■ Information provided:
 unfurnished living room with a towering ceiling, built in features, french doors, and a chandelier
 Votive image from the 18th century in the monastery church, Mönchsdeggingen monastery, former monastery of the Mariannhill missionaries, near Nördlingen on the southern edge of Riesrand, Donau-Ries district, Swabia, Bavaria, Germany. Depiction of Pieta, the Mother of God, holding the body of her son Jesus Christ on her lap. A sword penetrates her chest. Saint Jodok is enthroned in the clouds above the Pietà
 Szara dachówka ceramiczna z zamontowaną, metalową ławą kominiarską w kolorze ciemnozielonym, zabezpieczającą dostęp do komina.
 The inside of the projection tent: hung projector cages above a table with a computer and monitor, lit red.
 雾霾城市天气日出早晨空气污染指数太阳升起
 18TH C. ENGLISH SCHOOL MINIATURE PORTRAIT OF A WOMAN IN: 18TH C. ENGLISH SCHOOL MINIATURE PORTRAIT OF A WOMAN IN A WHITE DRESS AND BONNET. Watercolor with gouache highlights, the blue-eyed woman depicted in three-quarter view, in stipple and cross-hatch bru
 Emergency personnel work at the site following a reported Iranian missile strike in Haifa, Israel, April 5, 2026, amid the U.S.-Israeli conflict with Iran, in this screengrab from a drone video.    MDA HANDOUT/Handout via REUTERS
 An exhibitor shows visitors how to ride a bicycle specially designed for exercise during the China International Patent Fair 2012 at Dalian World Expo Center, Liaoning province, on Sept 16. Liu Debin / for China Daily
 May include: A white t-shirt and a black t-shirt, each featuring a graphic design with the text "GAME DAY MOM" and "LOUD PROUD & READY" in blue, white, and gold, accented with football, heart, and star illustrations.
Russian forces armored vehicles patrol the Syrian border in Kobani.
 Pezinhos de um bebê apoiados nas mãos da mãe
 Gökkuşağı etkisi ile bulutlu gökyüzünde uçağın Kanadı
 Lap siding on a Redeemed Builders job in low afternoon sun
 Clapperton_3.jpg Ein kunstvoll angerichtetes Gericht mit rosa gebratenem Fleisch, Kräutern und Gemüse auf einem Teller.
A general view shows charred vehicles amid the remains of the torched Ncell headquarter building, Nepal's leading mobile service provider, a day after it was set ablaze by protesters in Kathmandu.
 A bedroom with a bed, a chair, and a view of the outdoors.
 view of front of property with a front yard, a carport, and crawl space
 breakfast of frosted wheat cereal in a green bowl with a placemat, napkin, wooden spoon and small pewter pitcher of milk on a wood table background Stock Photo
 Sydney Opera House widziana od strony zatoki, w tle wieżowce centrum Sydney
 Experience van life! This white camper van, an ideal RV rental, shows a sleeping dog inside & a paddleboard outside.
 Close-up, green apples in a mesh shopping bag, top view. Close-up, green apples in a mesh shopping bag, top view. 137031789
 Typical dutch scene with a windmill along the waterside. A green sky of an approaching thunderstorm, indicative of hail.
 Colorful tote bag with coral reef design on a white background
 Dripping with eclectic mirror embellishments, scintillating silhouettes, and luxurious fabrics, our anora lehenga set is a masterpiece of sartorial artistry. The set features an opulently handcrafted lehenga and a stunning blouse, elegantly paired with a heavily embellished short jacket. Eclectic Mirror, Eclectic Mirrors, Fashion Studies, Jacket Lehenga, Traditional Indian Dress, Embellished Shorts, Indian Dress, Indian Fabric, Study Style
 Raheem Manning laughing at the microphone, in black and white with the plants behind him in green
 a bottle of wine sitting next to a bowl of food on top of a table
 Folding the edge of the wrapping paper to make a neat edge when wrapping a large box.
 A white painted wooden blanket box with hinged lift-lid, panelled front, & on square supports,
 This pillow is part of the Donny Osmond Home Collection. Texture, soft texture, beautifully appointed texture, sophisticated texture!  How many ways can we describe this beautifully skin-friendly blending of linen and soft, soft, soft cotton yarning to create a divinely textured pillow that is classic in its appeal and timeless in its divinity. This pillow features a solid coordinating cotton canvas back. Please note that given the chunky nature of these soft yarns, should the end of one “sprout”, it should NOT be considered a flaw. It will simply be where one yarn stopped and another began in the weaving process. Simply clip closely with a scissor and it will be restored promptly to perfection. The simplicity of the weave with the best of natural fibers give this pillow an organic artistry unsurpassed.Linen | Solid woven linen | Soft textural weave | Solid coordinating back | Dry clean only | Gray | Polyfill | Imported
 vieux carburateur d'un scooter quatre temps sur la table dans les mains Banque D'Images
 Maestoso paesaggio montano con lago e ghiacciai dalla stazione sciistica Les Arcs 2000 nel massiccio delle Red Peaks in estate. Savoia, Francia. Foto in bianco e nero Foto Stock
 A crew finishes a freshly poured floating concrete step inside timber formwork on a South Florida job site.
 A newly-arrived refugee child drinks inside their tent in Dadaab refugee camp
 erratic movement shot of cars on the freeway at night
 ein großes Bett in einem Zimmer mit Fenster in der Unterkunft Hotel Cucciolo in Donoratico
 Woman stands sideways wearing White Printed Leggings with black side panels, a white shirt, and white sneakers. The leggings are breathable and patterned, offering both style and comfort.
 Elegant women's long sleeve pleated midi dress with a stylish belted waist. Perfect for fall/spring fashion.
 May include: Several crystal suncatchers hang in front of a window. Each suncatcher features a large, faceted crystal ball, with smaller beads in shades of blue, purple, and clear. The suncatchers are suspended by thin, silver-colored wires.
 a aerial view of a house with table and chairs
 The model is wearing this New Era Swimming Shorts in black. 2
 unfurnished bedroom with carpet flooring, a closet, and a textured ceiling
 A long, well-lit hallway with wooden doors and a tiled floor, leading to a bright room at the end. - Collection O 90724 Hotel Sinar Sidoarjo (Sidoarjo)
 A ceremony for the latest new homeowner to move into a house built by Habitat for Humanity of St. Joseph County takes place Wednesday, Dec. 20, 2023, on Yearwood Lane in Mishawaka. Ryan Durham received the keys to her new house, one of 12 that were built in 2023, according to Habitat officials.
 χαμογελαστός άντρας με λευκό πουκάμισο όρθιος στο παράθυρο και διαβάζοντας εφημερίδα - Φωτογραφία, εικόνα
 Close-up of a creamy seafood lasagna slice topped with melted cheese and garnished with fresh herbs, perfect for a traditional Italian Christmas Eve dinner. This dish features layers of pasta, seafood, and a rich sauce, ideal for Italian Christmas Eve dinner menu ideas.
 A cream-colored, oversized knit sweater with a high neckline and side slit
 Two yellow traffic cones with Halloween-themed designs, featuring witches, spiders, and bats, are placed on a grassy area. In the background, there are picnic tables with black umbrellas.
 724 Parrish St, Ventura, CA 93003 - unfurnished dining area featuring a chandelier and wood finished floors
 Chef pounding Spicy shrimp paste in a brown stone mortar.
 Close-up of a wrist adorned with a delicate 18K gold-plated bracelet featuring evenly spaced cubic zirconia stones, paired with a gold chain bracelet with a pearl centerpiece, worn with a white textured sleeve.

■ Assignment: Transcribe the full listing, word for word.

■ Answer section:
 unfurnished living room with a towering ceiling, built in features, french doors, and a chandelier
 Votive image from the 18th century in the monastery church, Mönchsdeggingen monastery, former monastery of the Mariannhill missionaries, near Nördlingen on the southern edge of Riesrand, Donau-Ries district, Swabia, Bavaria, Germany. Depiction of Pieta, the Mother of God, holding the body of her son Jesus Christ on her lap. A sword penetrates her chest. Saint Jodok is enthroned in the clouds above the Pietà
 Szara dachówka ceramiczna z zamontowaną, metalową ławą kominiarską w kolorze ciemnozielonym, zabezpieczającą dostęp do komina.
 The inside of the projection tent: hung projector cages above a table with a computer and monitor, lit red.
 雾霾城市天气日出早晨空气污染指数太阳升起
 18TH C. ENGLISH SCHOOL MINIATURE PORTRAIT OF A WOMAN IN: 18TH C. ENGLISH SCHOOL MINIATURE PORTRAIT OF A WOMAN IN A WHITE DRESS AND BONNET. Watercolor with gouache highlights, the blue-eyed woman depicted in three-quarter view, in stipple and cross-hatch bru
 Emergency personnel work at the site following a reported Iranian missile strike in Haifa, Israel, April 5, 2026, amid the U.S.-Israeli conflict with Iran, in this screengrab from a drone video.    MDA HANDOUT/Handout via REUTERS
 An exhibitor shows visitors how to ride a bicycle specially designed for exercise during the China International Patent Fair 2012 at Dalian World Expo Center, Liaoning province, on Sept 16. Liu Debin / for China Daily
 May include: A white t-shirt and a black t-shirt, each featuring a graphic design with the text "GAME DAY MOM" and "LOUD PROUD & READY" in blue, white, and gold, accented with football, heart, and star illustrations.
Russian forces armored vehicles patrol the Syrian border in Kobani.
 Pezinhos de um bebê apoiados nas mãos da mãe
 Gökkuşağı etkisi ile bulutlu gökyüzünde uçağın Kanadı
 Lap siding on a Redeemed Builders job in low afternoon sun
 Clapperton_3.jpg Ein kunstvoll angerichtetes Gericht mit rosa gebratenem Fleisch, Kräutern und Gemüse auf einem Teller.
A general view shows charred vehicles amid the remains of the torched Ncell headquarter building, Nepal's leading mobile service provider, a day after it was set ablaze by protesters in Kathmandu.
 A bedroom with a bed, a chair, and a view of the outdoors.
 view of front of property with a front yard, a carport, and crawl space
 breakfast of frosted wheat cereal in a green bowl with a placemat, napkin, wooden spoon and small pewter pitcher of milk on a wood table background Stock Photo
 Sydney Opera House widziana od strony zatoki, w tle wieżowce centrum Sydney
 Experience van life! This white camper van, an ideal RV rental, shows a sleeping dog inside & a paddleboard outside.
 Close-up, green apples in a mesh shopping bag, top view. Close-up, green apples in a mesh shopping bag, top view. 137031789
 Typical dutch scene with a windmill along the waterside. A green sky of an approaching thunderstorm, indicative of hail.
 Colorful tote bag with coral reef design on a white background
 Dripping with eclectic mirror embellishments, scintillating silhouettes, and luxurious fabrics, our anora lehenga set is a masterpiece of sartorial artistry. The set features an opulently handcrafted lehenga and a stunning blouse, elegantly paired with a heavily embellished short jacket. Eclectic Mirror, Eclectic Mirrors, Fashion Studies, Jacket Lehenga, Traditional Indian Dress, Embellished Shorts, Indian Dress, Indian Fabric, Study Style
 Raheem Manning laughing at the microphone, in black and white with the plants behind him in green
 a bottle of wine sitting next to a bowl of food on top of a table
 Folding the edge of the wrapping paper to make a neat edge when wrapping a large box.
 A white painted wooden blanket box with hinged lift-lid, panelled front, & on square supports,
 This pillow is part of the Donny Osmond Home Collection. Texture, soft texture, beautifully appointed texture, sophisticated texture!  How many ways can we describe this beautifully skin-friendly blending of linen and soft, soft, soft cotton yarning to create a divinely textured pillow that is classic in its appeal and timeless in its divinity. This pillow features a solid coordinating cotton canvas back. Please note that given the chunky nature of these soft yarns, should the end of one “sprout”, it should NOT be considered a flaw. It will simply be where one yarn stopped and another began in the weaving process. Simply clip closely with a scissor and it will be restored promptly to perfection. The simplicity of the weave with the best of natural fibers give this pillow an organic artistry unsurpassed.Linen | Solid woven linen | Soft textural weave | Solid coordinating back | Dry clean only | Gray | Polyfill | Imported
 vieux carburateur d'un scooter quatre temps sur la table dans les mains Banque D'Images
 Maestoso paesaggio montano con lago e ghiacciai dalla stazione sciistica Les Arcs 2000 nel massiccio delle Red Peaks in estate. Savoia, Francia. Foto in bianco e nero Foto Stock
 A crew finishes a freshly poured floating concrete step inside timber formwork on a South Florida job site.
 A newly-arrived refugee child drinks inside their tent in Dadaab refugee camp
 erratic movement shot of cars on the freeway at night
 ein großes Bett in einem Zimmer mit Fenster in der Unterkunft Hotel Cucciolo in Donoratico
 Woman stands sideways wearing White Printed Leggings with black side panels, a white shirt, and white sneakers. The leggings are breathable and patterned, offering both style and comfort.
 Elegant women's long sleeve pleated midi dress with a stylish belted waist. Perfect for fall/spring fashion.
 May include: Several crystal suncatchers hang in front of a window. Each suncatcher features a large, faceted crystal ball, with smaller beads in shades of blue, purple, and clear. The suncatchers are suspended by thin, silver-colored wires.
 a aerial view of a house with table and chairs
 The model is wearing this New Era Swimming Shorts in black. 2
 unfurnished bedroom with carpet flooring, a closet, and a textured ceiling
 A long, well-lit hallway with wooden doors and a tiled floor, leading to a bright room at the end. - Collection O 90724 Hotel Sinar Sidoarjo (Sidoarjo)
 A ceremony for the latest new homeowner to move into a house built by Habitat for Humanity of St. Joseph County takes place Wednesday, Dec. 20, 2023, on Yearwood Lane in Mishawaka. Ryan Durham received the keys to her new house, one of 12 that were built in 2023, according to Habitat officials.
 χαμογελαστός άντρας με λευκό πουκάμισο όρθιος στο παράθυρο και διαβάζοντας εφημερίδα - Φωτογραφία, εικόνα
 Close-up of a creamy seafood lasagna slice topped with melted cheese and garnished with fresh herbs, perfect for a traditional Italian Christmas Eve dinner. This dish features layers of pasta, seafood, and a rich sauce, ideal for Italian Christmas Eve dinner menu ideas.
 A cream-colored, oversized knit sweater with a high neckline and side slit
 Two yellow traffic cones with Halloween-themed designs, featuring witches, spiders, and bats, are placed on a grassy area. In the background, there are picnic tables with black umbrellas.
 724 Parrish St, Ventura, CA 93003 - unfurnished dining area featuring a chandelier and wood finished floors
 Chef pounding Spicy shrimp paste in a brown stone mortar.
 Close-up of a wrist adorned with a delicate 18K gold-plated bracelet featuring evenly spaced cubic zirconia stones, paired with a gold chain bracelet with a pearl centerpiece, worn with a white textured sleeve.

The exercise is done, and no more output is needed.